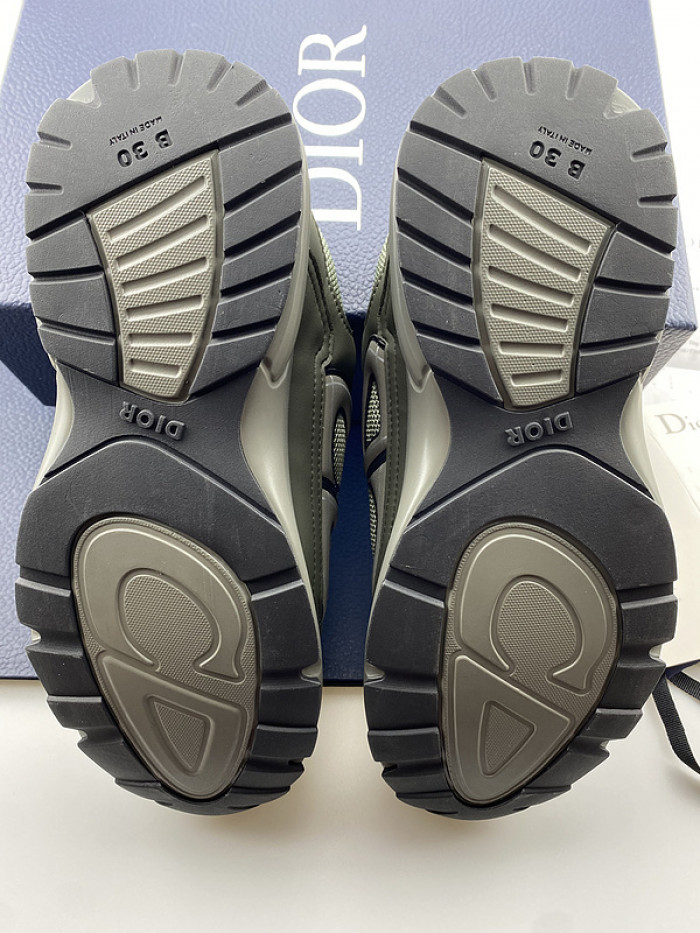 D*or b30 sneakers-12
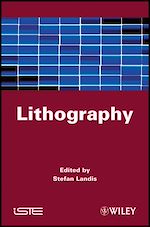 Download this eBook Lithography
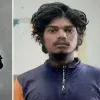Hyderabad police announces reward on Saidabad culprit Raju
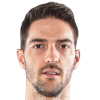 Marcos Mata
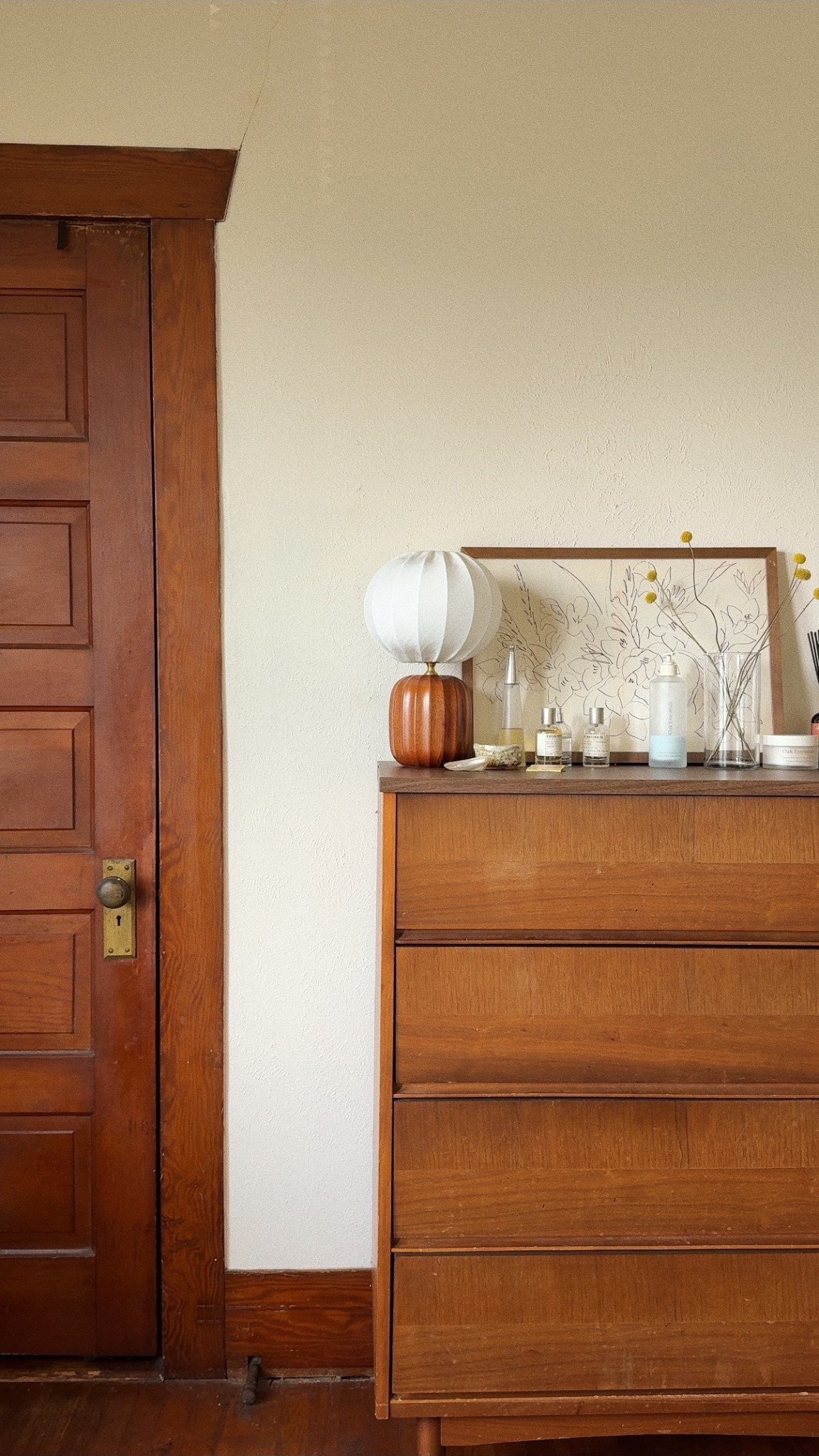  #midcentury #lamps #homedecor

#LTKHome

^^^^

With the images excluded, all entries are to be given again exactly.

▶ _Worked solution_
 D*or b30 sneakers-12
 Download this eBook Lithography
Hyderabad police announces reward on Saidabad culprit Raju
 Marcos Mata
  #midcentury #lamps #homedecor

#LTKHome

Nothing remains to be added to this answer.